Dovyalis is a genus of shrubs and small trees. Recent genetic evidence has shown the genus to belong to the family Salicaceae; formerly it was classified in the family Flacourtiaceae. The 15 species are native to Africa (Ethiopia south to South Africa) and southern Asia (India, Sri Lanka). Some are cultivated for their fruit.

Description
They are dense, thorny plants growing to 3–6 m tall, with sharp, 3–6 cm long stem spines in the leaf axils. Buds at the base of the spine produce clusters of alternately arranged simple ovate leaves 3–10 cm long.

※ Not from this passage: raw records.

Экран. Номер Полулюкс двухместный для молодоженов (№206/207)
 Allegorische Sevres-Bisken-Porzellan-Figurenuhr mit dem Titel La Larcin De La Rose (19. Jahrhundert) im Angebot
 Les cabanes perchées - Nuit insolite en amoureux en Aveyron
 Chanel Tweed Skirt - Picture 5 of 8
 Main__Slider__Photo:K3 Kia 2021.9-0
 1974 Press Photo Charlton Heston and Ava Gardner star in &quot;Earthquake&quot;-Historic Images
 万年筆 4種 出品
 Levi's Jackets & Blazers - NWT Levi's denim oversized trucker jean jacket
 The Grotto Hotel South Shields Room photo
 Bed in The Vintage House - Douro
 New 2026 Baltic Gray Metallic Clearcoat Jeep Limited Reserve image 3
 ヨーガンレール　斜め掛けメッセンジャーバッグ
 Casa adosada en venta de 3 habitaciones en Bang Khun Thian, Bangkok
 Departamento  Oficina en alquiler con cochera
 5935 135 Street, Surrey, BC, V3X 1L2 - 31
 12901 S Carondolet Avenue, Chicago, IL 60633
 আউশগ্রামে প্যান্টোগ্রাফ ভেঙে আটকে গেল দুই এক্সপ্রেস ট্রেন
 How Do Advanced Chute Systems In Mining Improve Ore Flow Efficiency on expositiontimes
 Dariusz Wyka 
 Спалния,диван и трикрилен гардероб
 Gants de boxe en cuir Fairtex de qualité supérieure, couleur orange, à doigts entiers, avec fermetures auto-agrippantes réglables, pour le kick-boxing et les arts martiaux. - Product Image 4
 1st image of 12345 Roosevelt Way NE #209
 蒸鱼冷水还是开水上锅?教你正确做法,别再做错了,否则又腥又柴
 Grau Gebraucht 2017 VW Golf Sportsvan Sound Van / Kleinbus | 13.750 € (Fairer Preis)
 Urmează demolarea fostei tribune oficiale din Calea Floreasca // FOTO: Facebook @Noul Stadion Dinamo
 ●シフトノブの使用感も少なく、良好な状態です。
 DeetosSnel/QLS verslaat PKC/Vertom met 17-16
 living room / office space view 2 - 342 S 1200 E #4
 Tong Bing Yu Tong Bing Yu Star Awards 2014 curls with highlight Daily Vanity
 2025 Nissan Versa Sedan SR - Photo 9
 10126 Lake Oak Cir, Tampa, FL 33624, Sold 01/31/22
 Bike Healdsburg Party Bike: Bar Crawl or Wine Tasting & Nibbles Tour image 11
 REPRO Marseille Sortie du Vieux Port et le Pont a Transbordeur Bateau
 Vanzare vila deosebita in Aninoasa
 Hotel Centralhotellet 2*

The flowers are inconspicuous, solitary or clustered, with no petals. They are dioecious, with male and female flowers on separate plants. The fruit is an edible, yellow to purple globose berry 2–4 cm diameter, containing several small seeds. They are very juicy and with an acidic flavour.

Cultivation and uses
Several species are grown for their fruit; D. caffra (Umkokola or Kei-apple) is popular in southern Africa, and D. hebecarpa (Kitembilla) in India and Sri Lanka. Some, notably D. abyssinica, are also grown as ornamental plants and as hedges, where the spines are valued for deterring intrusion by livestock or burglars.

The tropical apricot, or ketcot, is a hybrid between D. hebecarpa and D. abyssinica that was developed in Florida in 1953 and is cultivated for its fruit.